Task prompt
Output the entries exactly as they appear. Pictures should not be included.

Working data

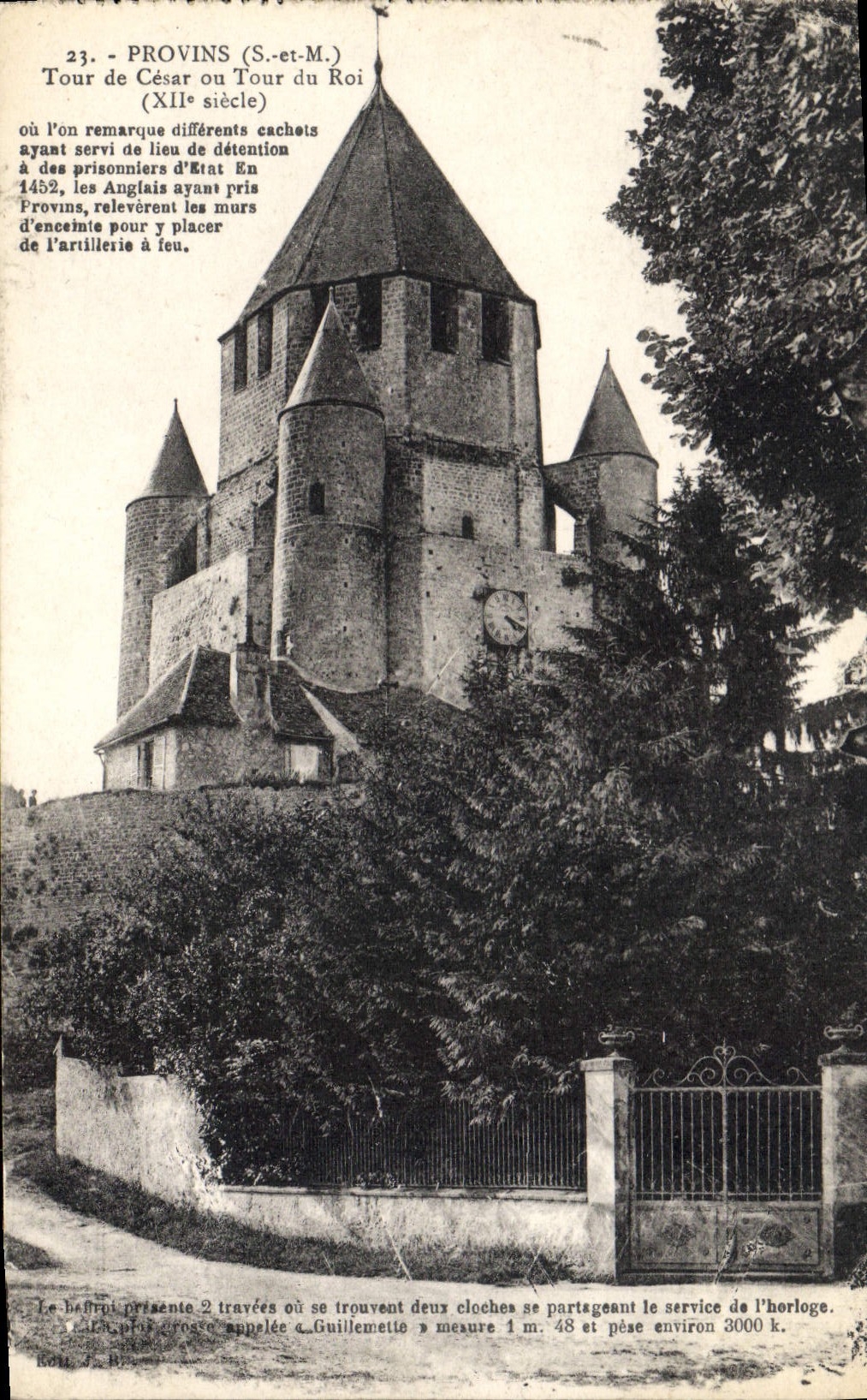 CPA Provins Tour De Cesar Ou Tour Du Roi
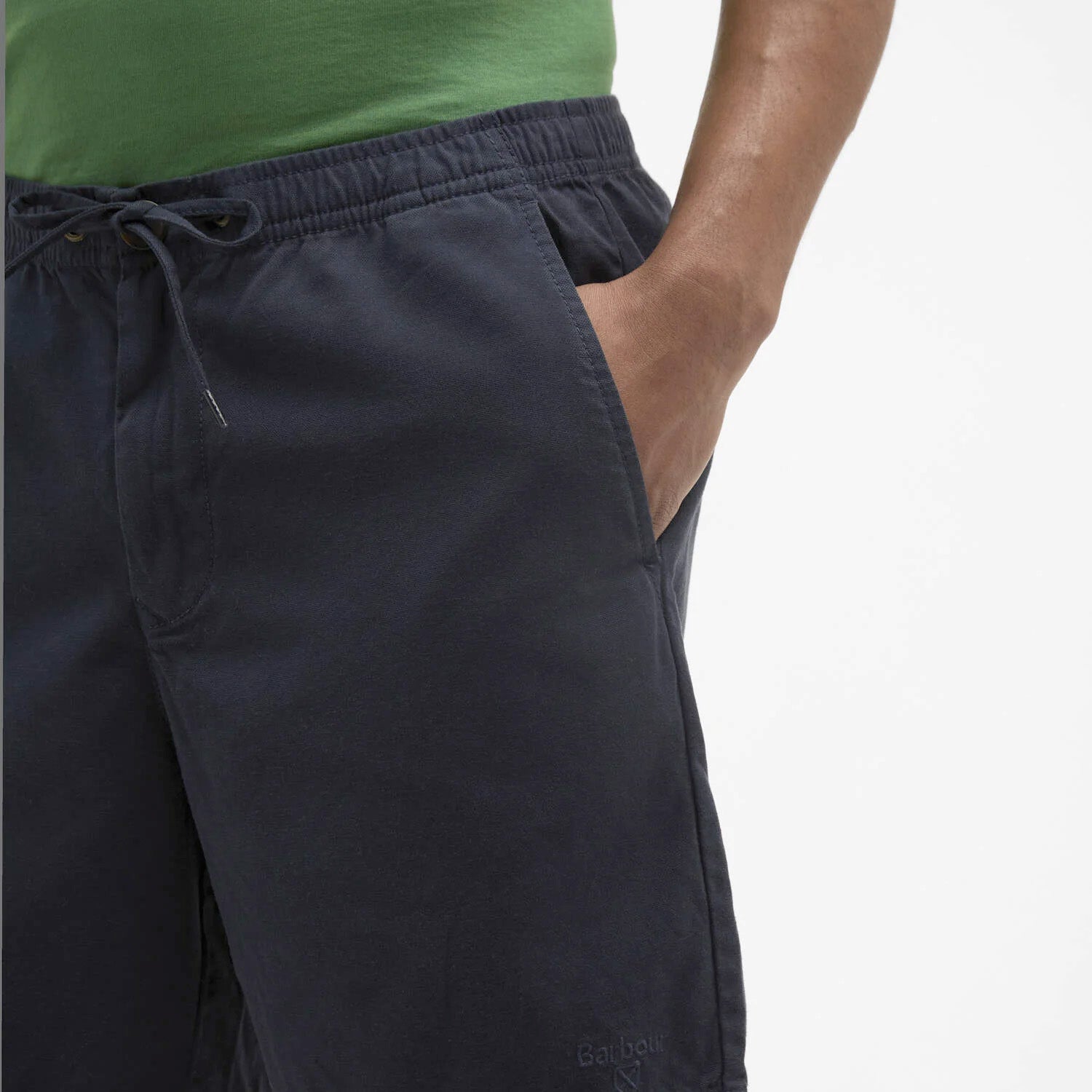 Barbour Washed Oxford Relaxed Short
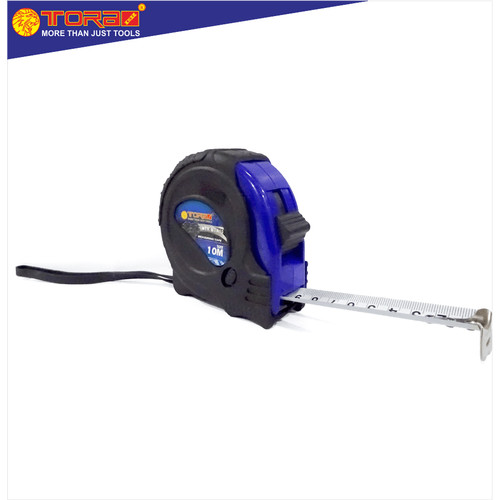 [EZM.1001638] TORA Meteran 10 Meter Body Karet Biru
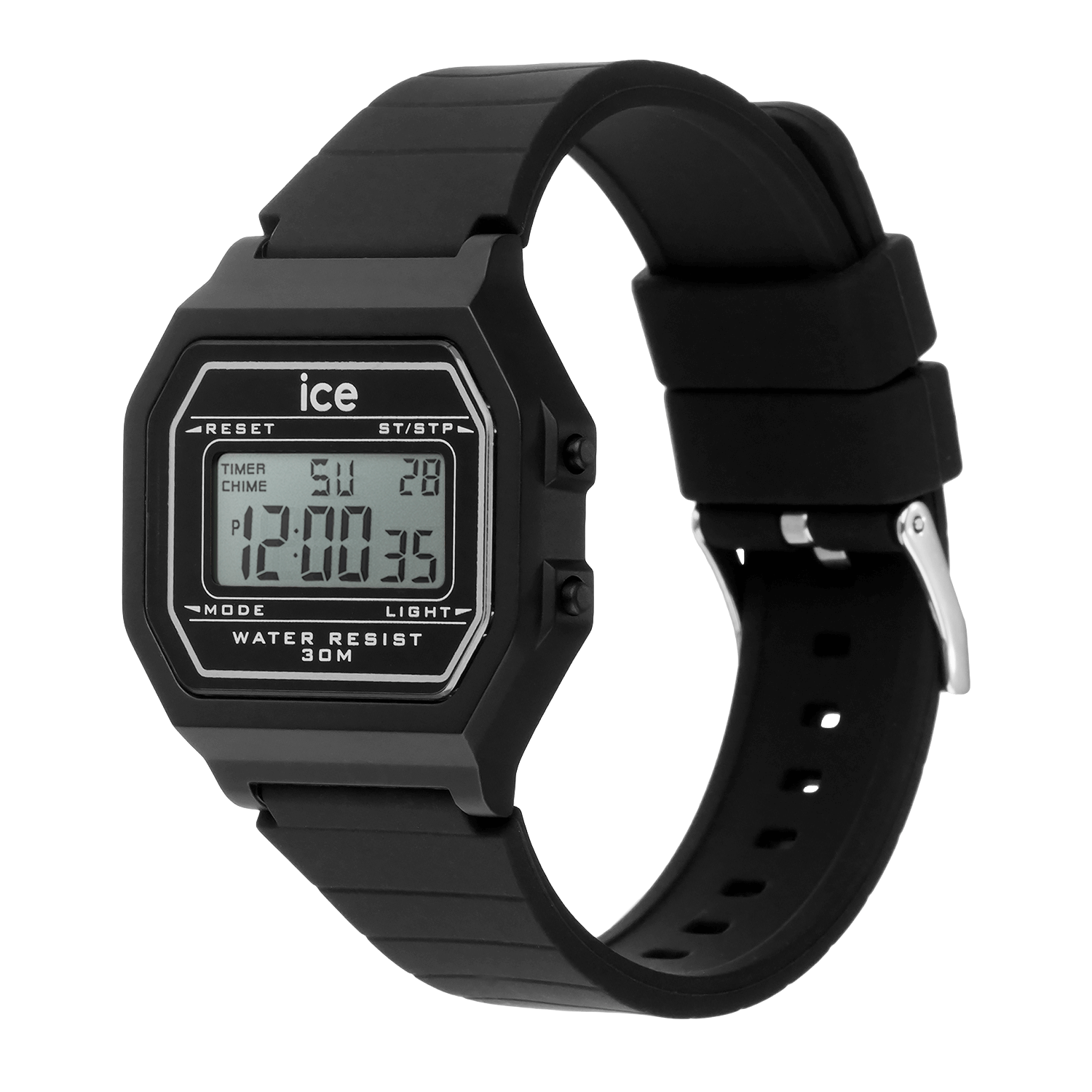 Ice-Watch Ice-Digit Retro Zwart Digitaal Kinderhorloge Small 32 mm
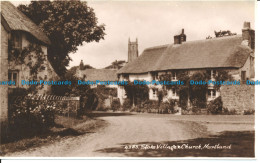 R113965 Stoke Village And Church. Hartland. Sweetman. Sunshine. No 4283. RP. 193 - Monde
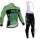2015 ALE Fahrradbekleidung Radtrikot Langarm+Lang Trägerhose grün U3PXK
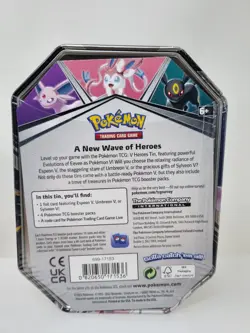 Pokemon 2022 V Heroes Collectors Tin Sylveon V - Brand New 4 Packs & Promo Card - Image 2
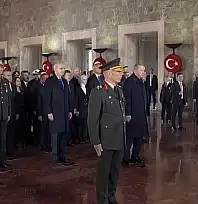 Atatürk'ün Ebediyete İntikalinin 87. Yılında Anıtkabir'de Tören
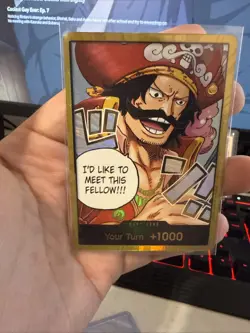 One Piece Gol.D.Roger GOLD DON!! Card (OP-13) English - Image 3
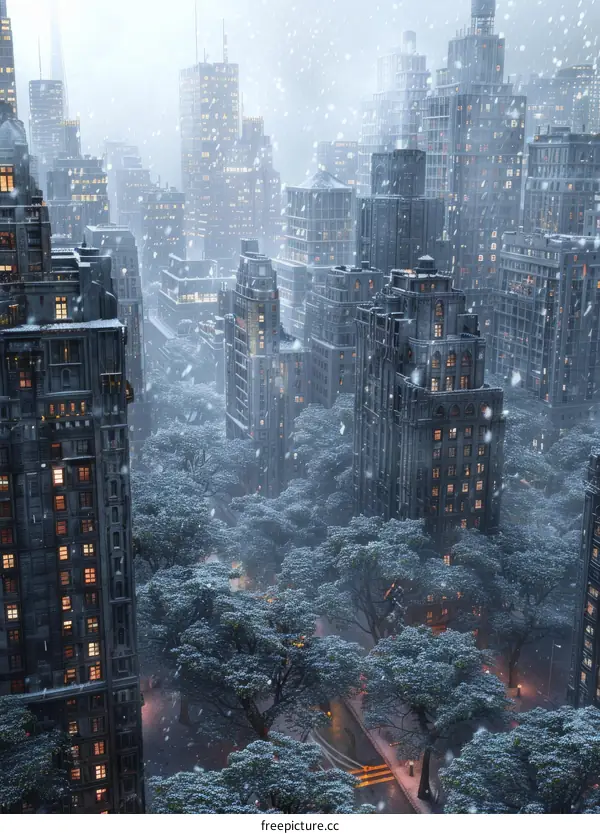 Central Park Winter Wonderland: NYC Snow Scene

Solution to this task
 CPA Provins Tour De Cesar Ou Tour Du Roi
 Barbour Washed Oxford Relaxed Short
 [EZM.1001638] TORA Meteran 10 Meter Body Karet Biru
 Ice-Watch Ice-Digit Retro Zwart Digitaal Kinderhorloge Small 32 mm
 R113965 Stoke Village And Church. Hartland. Sweetman. Sunshine. No 4283. RP. 193 - Monde
2015 ALE Fahrradbekleidung Radtrikot Langarm+Lang Trägerhose grün U3PXK
 Pokemon 2022 V Heroes Collectors Tin Sylveon V - Brand New 4 Packs & Promo Card - Image 2
 Atatürk'ün Ebediyete İntikalinin 87. Yılında Anıtkabir'de Tören
 One Piece Gol.D.Roger GOLD DON!! Card (OP-13) English - Image 3
 Central Park Winter Wonderland: NYC Snow Scene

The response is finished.